Lula, por outro lado, em seu governo, reforçou o Conselhão, com representantes de diversos setores da sociedade - atenção que não é dada na mesma medida por Dilma.
Uma função fundamental ao cargo de presidente da República é sua capacidade de comunicação, de interlocução, de mediador com os diversos setores da sociedade. Esse atributo é tão importante quanto a qualidade de seu gerenciamento. Até porque um influencia o outro. Não há "presidente técnico". O atual governo, reconhece a fonte dilmista, peca por falhar na comunicação.
Isso nos leva à conclusão, é plausível afirmar, que a crise da administração Dilma é também uma crise de autoridade. E uma crise de expectativas. As bases econômicas não mudaram tanto a ponto de, repentinamente, causarem insatisfação. Os serviços públicos não se degeneraram, de uma hora para outra, em algum momento antes de junho de 2013.
É uma crise que está mais na superestrutura, na política, na circulação de ideias, do que na estrutura, nos fundamentos econômicos. Ninguém é estúpido de desconsiderar a economia. Mas as fissuras no bloco governista dão conta de boa parte do clima de anomia, de desorganização.
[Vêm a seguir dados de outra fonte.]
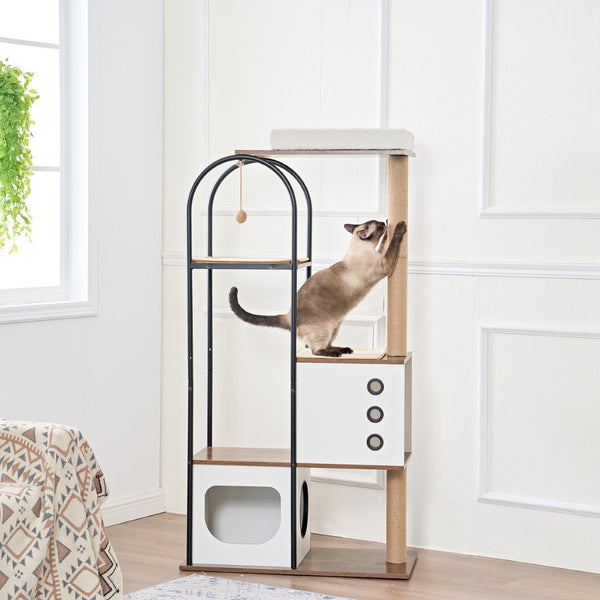 English Elm Cat Tower Five Tier Modern Tree with Steel Frame Scratching Posts and Cozy Hideout Cabinets W1687P487159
Antes de ser uma virtude, o temperamento tecnocrata de Dilma - a sua politicofobia, como apontada nesta coluna, em junho de 2011 - atrapalha mais do que ajuda. Em junho de 2013, o mesmo desapreço pela política se decantava nos cartazes dos manifestantes que foram às ruas protestar sabe-se lá por quantos motivos difusos e não necessariamente econômicos, como o combate à corrupção e a instrumentalizada derrubada da PEC 37. A preferência partidária está hoje no mais baixo patamar (30%) desde 1989. O feitiço virou contra a feiticeira. E seu mentor nem sempre joga a favor.